Recipe: Pear and Espresso Panna Cotta

What do you get when you put together milk, sugar, espresso, whip cream and….PEARS? Hold up, did we just say pears? Yes, an odd combination but the Pear and Espresso Panna Cotta is a silky smooth and creamy treat with a thin layer of tender espresso soaked pears making you wonder why you never thought of this ingenious yet delectable tasty tease.

 

Ingredients
Yields 2 servings
  • 1/3 cup espresso coffee
  • 1/3 cup sugar
  • 1 small pear, peeled, cored and cut into thin slices
  • 2 tbsp milk
  • 2 tsp powdered gelatine
  • 1 cup whipping cream
  • 1 cup milk
  • 1/3 cup brown sugar
  • 1 tsp vanilla extract

Directions

  1. Place the coffee and the sugar in a small saucepan over low heat and stir to dissolve the sugar. Please, please, please: use good espresso not drip coffee! Add the pear slices and cook for 10-15 minutes or until tender and the syrup has thickened slightly.
  2. Place the pears on the base of 2 lightly greased ramekins. Pour the syrup evenly over them and allow to cool at room temperature.
  3. Put the gelatine and the 2 tbsp of milk in a small bowl. Stir to combine and let stand for 2-3 minutes, until the gelatine has dissolved.
  4. Place the cream, the extra milk, the brown sugar and the vanilla extract in a pot over medium heat and bring to boil. Remove from the heat, add the gelatine and whisk to combine. Set aside to cool.
  5. Slowly pour the cream mixture over the pears and syrup. Refrigerate for 4-6 hours over overnight.
Note: If you have a hard time unmolding the panna cotta from the ramekins, run the bottom and side of the ramekins under hot water for a couple of minutes.

Recipe:  Donna Hay Magazine

4 thoughts on “Recipe: Pear and Espresso Panna Cotta”

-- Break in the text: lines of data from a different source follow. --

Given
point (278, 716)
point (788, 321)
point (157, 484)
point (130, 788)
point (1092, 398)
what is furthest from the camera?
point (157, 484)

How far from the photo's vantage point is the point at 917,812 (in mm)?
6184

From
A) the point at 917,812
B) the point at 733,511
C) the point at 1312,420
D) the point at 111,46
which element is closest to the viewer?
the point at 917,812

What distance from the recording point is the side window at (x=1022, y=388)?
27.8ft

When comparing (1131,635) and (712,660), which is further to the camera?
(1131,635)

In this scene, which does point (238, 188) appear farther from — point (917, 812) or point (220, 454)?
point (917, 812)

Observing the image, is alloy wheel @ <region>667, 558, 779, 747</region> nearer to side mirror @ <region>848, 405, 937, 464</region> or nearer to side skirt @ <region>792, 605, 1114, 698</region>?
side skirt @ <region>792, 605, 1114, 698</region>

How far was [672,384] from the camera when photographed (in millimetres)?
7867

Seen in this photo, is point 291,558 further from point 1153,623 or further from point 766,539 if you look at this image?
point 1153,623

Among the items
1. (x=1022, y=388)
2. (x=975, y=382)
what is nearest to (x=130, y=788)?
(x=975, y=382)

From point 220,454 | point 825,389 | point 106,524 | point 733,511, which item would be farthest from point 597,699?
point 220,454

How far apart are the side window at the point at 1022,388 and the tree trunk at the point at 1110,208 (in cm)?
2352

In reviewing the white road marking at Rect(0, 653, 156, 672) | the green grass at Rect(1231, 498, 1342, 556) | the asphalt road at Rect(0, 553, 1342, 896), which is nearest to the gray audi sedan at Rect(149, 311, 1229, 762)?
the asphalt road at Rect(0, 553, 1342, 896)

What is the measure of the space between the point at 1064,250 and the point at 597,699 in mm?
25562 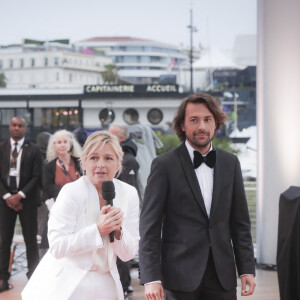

  1. I’d probably favor using fine white sugar so that the pears and espresso flavor notes can do the talking. Yet, if a sugar with more flavor structure is desired I’d imagine Turbinado (raw organic) would be the better choice than brown sugar.

    Still pretty intriguing idea: pears and espresso. If the espresso has a citrus edge I’d choose a red or green Anjou pear; If the espresso has an earthy or floral edge, probably a Comice, red Bartlett or Bosc; If chocolate or caramel notes, then a Concorde or green Bartlett.

    1. Love your thoughts on pairing the pear (!) and espresso variety. If you experiment and find some specifically splendid results, please share! I’m going to incorporate that into my next batch.

      – Kat

  2. You’re welcome; I’m food-geeky. That’s why I’m your customer. :-)

    Just imagining the pairings in my head since I haven’t actually tried an espresso/pear mix. But it’s the kind of thing you’d consider for cheese and wine, so espresso seems a natural fit.

    I’d also likely skip the vanilla — and shoot for brandy, whiskey, sherry or cognac — unless one is using an espresso with more chocolately, caramel or citrus notes, in which case I’d try vanilla or rum. If one is using whole vanilla bean or vanilla essence that identifies what vanilla variety, then Tahitian vanilla would be the better choice for floral espresso and Bourbon/Madagascar for earthy. Again, citrusy or chocolatey would be the most flexible espresso in which case Mexican, Bourbon or common blended vanilla essences would probably work.